* _Raw data_:
------------------------------------------------

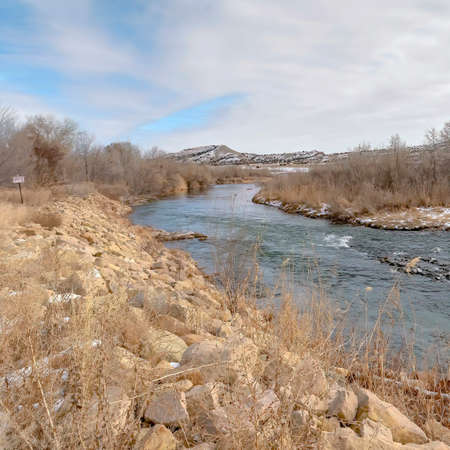Square frame Scenic river with snowy shore against distant hills under cloudy sky in winter. Rocks,...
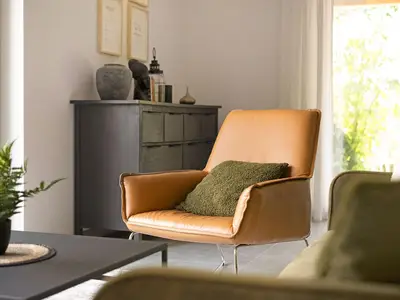 Wohnzimmer mit Ledersessel und grünem Kissen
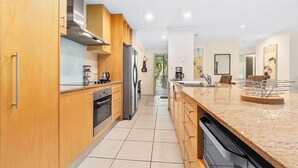 Een moderne keuken met houten kastjes, roestvrijstalen apparatuur en een granieten aanrecht.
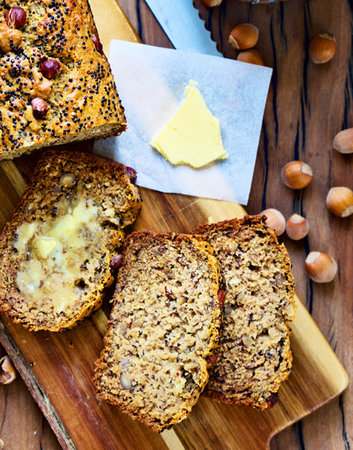 Whole grain bread with nuts, raisins and butter on wooden board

------------------------------------------------

* _Task description_:
Restate word for word, and only, the lines from the line that contains "Wohnzimmer mit Ledersessel und grünem Kissen" through the end of the data, both included; pictures are not part of the copy.

* _Exercise output_:
 Wohnzimmer mit Ledersessel und grünem Kissen
 Een moderne keuken met houten kastjes, roestvrijstalen apparatuur en een granieten aanrecht.
 Whole grain bread with nuts, raisins and butter on wooden board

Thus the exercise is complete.